I haven’t seen their Conan retrospective, not being a fan of the franchise myself, but there would eventually be a Conan series…in fact three of them. Two were cartoons, the syndicated Conan The Adventurer and the CBS series Conan And The Warriors Three. The two only share Conan’s character model and art style and I think only the former had a toyline. In live-action there was also a syndicated Conan show called…Conan The Adventurer. Way to confuse your audience. I only saw the syndicated cartoon and actually rather enjoyed it.

I don’t understand why it’s wrong to make a show based on an existing toyline but making a toyline based on an existing show is totally okay. Then you have the shows that did both at the same time, with the toyline helping to fund the show. You still need a good story to sell toys no matter which came first so who cares who’s selling what. Nobody complains about all the toys based on Gundam…though I guess it’s okay if you’re selling toys to adults…and that show started out not being a way to push tons of model kits.

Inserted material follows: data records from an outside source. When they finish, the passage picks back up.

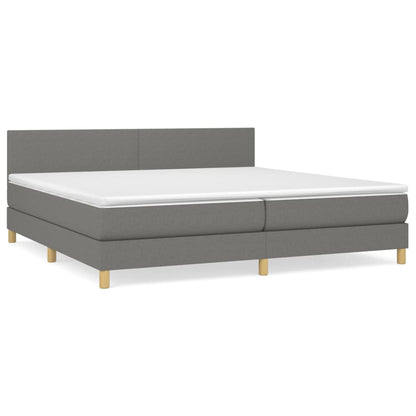 Boxspring Met Matras Stof Donkergrijs 200 x 200 cm Effen ontwerp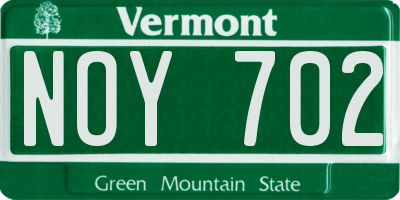 VT license plate NOY702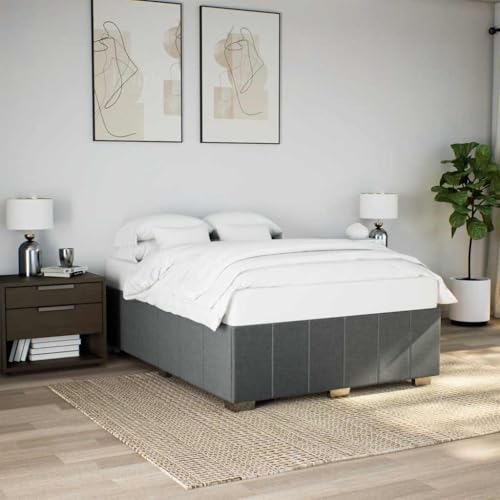 Queen Size Upholstered Bed Frame, Modern Fabric Platform Mattress Foundation with Solid Wood Slats, Dark Grey Low Profile Bedroom Furniture - color: Dark Gray, size: Queen & Dark gray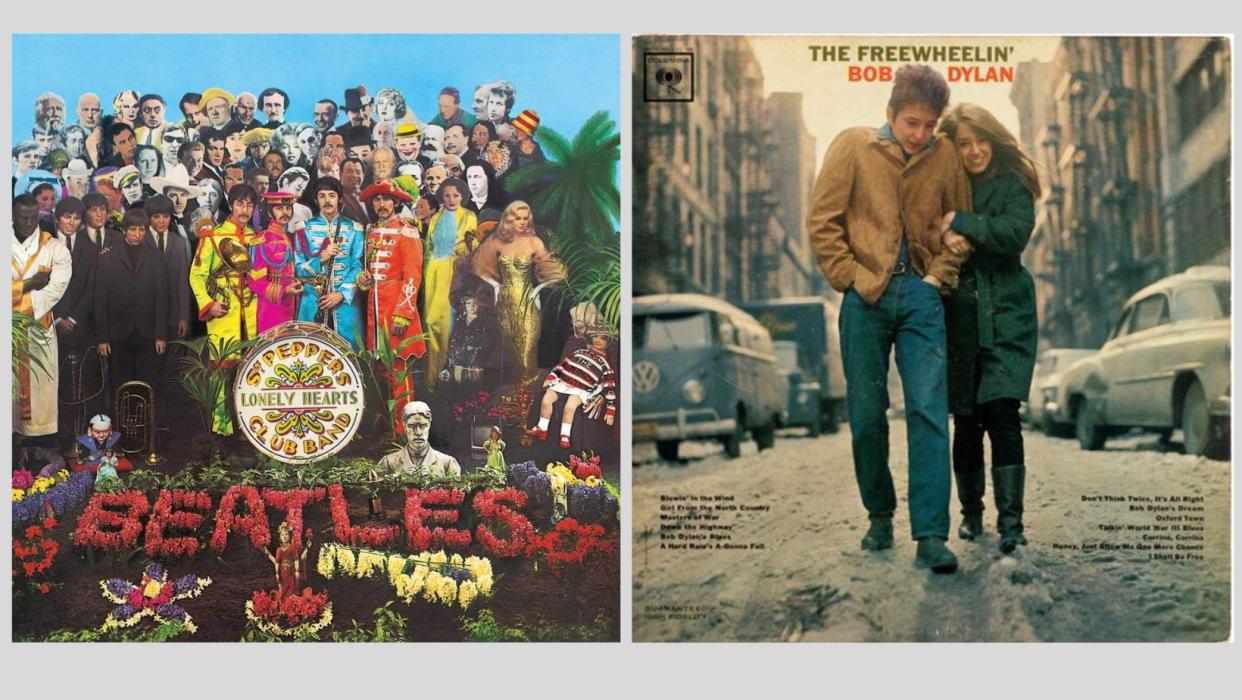 Album covers for The Beatles: 'Sgt. Pepper’s Lonely Hearts Club Band' and Bob Dylan's The Freewheelin' Bob Dylan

You’d also be amazed how many “sell toys shows” were shows first and they just got a merchandising deal to fund the show. Yes, even in the 1980s.

I don’t care if pre-Filmation Masters Of The Universe was or wasn’t art. They made a fun set of toys with some good mini-comic stories and the imagination is still there, whether they were cobbled together or original. It’s the end result I care about. I save worrying about art for people who put more stock into the process than the result, which often leads to terrible results and a process that’s only interesting to them rather than good stories and toys that actually make the process interesting to more than just creative types. You have to think about all of it, not just the part that makes you happy. Otherwise you’ll be the only one happy with the results.

If you don’t want to wait for me to have another off day and a looming deadline, head to Midnight’s Edge for the next parts. I will get to them eventually here with my own thoughts though.



About ShadowWing Tronix

A would be comic writer looking to organize his living space as well as his thoughts. So I have a blog for each goal. :)

4 responses »

  1. David says:

    Nothing in either of this video even resembles the truth. Midnight’s Edge are a channel of misogynist white supremacist extremist that spread lies about Star Trek and other science fiction franchises that don’t star exclusively straight white men. Their channel exists to recruit and radicalize fans into alt-right political extremism. One of the ways that they lure in the more angry gatekeeping fans is by making up complete convoluted lies about how the latest installments of various franchises aren’t actually canon, because of all the lies that they told in these videos.

    They are targeting He-Man, because the new show features strong females, a vital sin to misogynist alt-right extremists.

    Don’t spread lies from extremists.


    • You didn’t actually watch either video, did you? You reacted to the history of the Star Trek License resulting from how Viacom handled Paramount and CBS, which isn’t an opinion piece and says little about their opinion of modern Trek. This video is about the early years of the Masters Of The Universe franchise. While the host did mention Revelation in passing this wasn’t a review either, and I actually corrected and expanded on a few things.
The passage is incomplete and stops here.